Thursday Departure - Michigan, Indiana, Illinois, Iowa, Minnesota, and South Dakota

Lindsey and I left London for Seattle at 6 pm on Thursday, February 23rd. We recruited my dad, Steve, to help out with the driving. Unfortunately, it appears his age means that we stopping every 2 1/2 hours for a pee break, but his seniors discount more than makes up for this fact.

We departed London just as a storm was coming in (see the picture of what we left). Thankfully as we moved west, the weather was perfect (see Sarnia sunset).

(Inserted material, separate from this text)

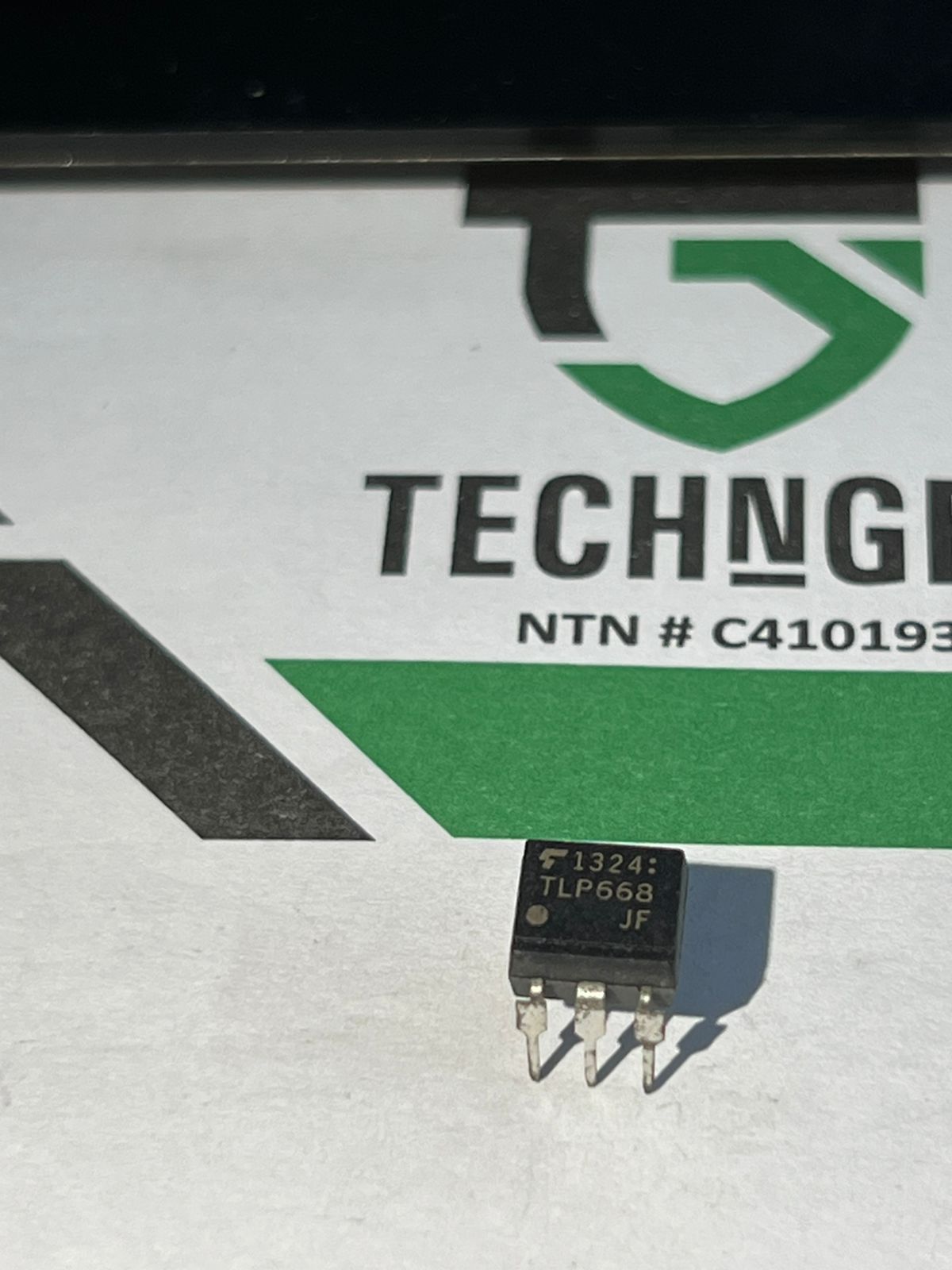 TLP668 IC-TLP-668-DIP - Image 1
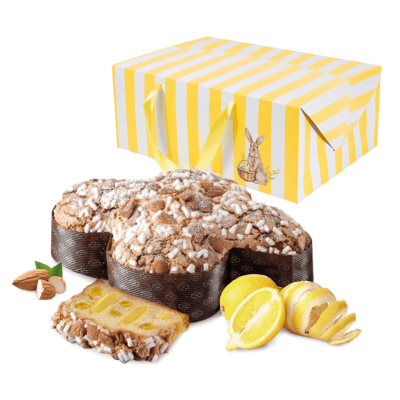 COLOMBA limona in limonina krema 1000g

We have decided to drive over 24 hours straight for our first leg. There is something about being the sole automobile in a sea of transport trucks driving through Iowa at 3 in the morning listening to Christian Country Rock radio stations that makes me question the sanity of this decision. Furthermore, the only driver of us three who can sleep with any success in a vehicle is Lindsey (and she is always sleeping). Well we are giving it a try.

First observations is that aside from the badlands at the far west of the state, South Dakota is very boring. We did a diversion throug the badland park. The badland are an area of rock heavily eroded by glaciers. The results can be quite amazing.

Unfortunately, I got a reminder that outsiders are treated with suspicion by the fine members of the South Dakota State Police. For some strange reason when two cars pass me like I was standing still, then break when they see a speed trap (althought the cop was facing the opposite traffic direction) the cop decides he wants to pull me over for tailgaiting (Even though the cars in front of me were breaking). I got to sit in the police car and I got the distinct feeling he did not know exactly where Ontario is (he also did not know what an MBA was?). The cop gave me a lecture about why tailgaiting is inappropriate, then asked if Ontario cops enforced this rule. To which I replied that while it was a rule, they had more important things to enforce. Mercifully, he gave me me a warning and I high-tailed it out of South Dakota. As the Colbert Report says, "South Dakota, you're dead to me!" Where is the picture you ask. Well it appears my wife and father where so concerned about my well-being that they forgot to record the moment. You can see me below showing off my official warning.